Minister Wouter Beke.Beeld Klaas De Scheirder

Er wacht Beke een pittige discussie binnen de eigen meerderheid. Coalitiepartners N-VA en Open Vld zijn immers niet gewonnen voor een adoptiepauze. Vlaams Parlementslid Lorin Parys (N-VA) noemt het “een onbesuisd idee dat de meest kwetsbare kinderen in de steek laat”. Hij vreest dat zo’n pauze snel zal neerkomen op een adoptiestop. “Wie tussen de lijnen van dit rapport leest, merkt dat de experts eigenlijk willen dat de interlandelijke adoptie stopt. Wel, dat ze dat dan ook duidelijk zeggen.”

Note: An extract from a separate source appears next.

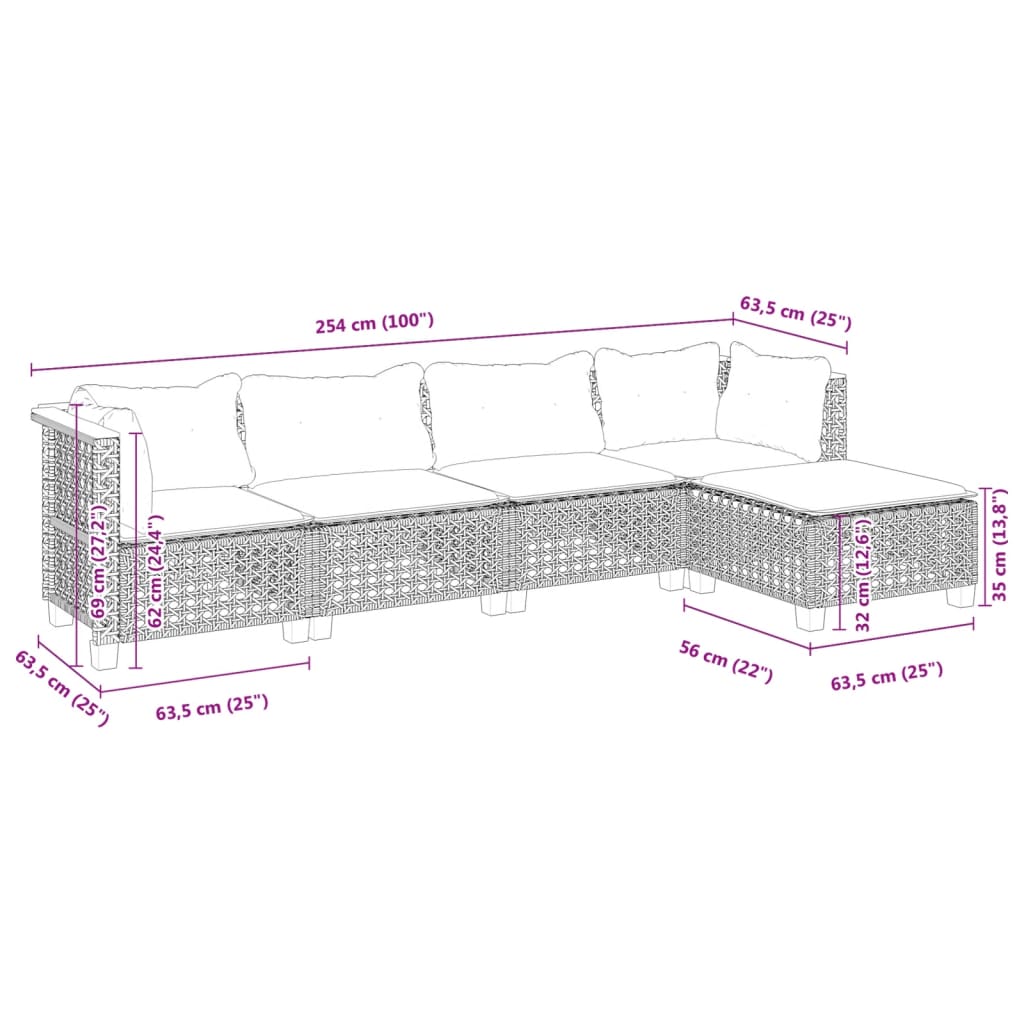 5-tlg. Garten-Sofagarnitur mit Kissen Grau Poly Rattan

Parys is het niet eens met verschillende van de aannames in het rapport: hij vindt niet dat de adoptiediensten ondergebracht moeten worden onder de overheid, noch vindt hij het idee van de pool voor adoptie- en pleegouders een goed idee.

Ook Maurits Vande Reyde (Open Vld) wil “het kind niet met het badwater weggooien. Ik ben er zelf al langer voorstander van om het systeem van nul te herzien, maar ik pleit toch voor meer nuance”, zegt hij. “Dit verdient een breed parlementair debat. Ik hoop dat we daar de tijd voor nemen.”

Stomp in de maag

Er mag dan nog niets beslist zijn, het voorstel van Beke kwam als een schok voor alle kandidaat-adoptieouders die momenteel in de procedure zitten. “Als kandidaat-adoptieouder word je sowieso een meester in lang wachten op nieuws, maar nu wordt de rekker toch erg ver uitgerekt”, zegt Sarah Steckel, die vijf jaar geleden een eerste zoontje uit Oeganda adopteerde en nu een tweede kindje wil adopteren. “Het is een beetje zoals kinderen krijgen via een ivf-behandeling: klaarliggen voor de inseminatie en dan te horen krijgen dat je ‘respectvol’ een ander traject krijgt. Dat is niet respectvol.”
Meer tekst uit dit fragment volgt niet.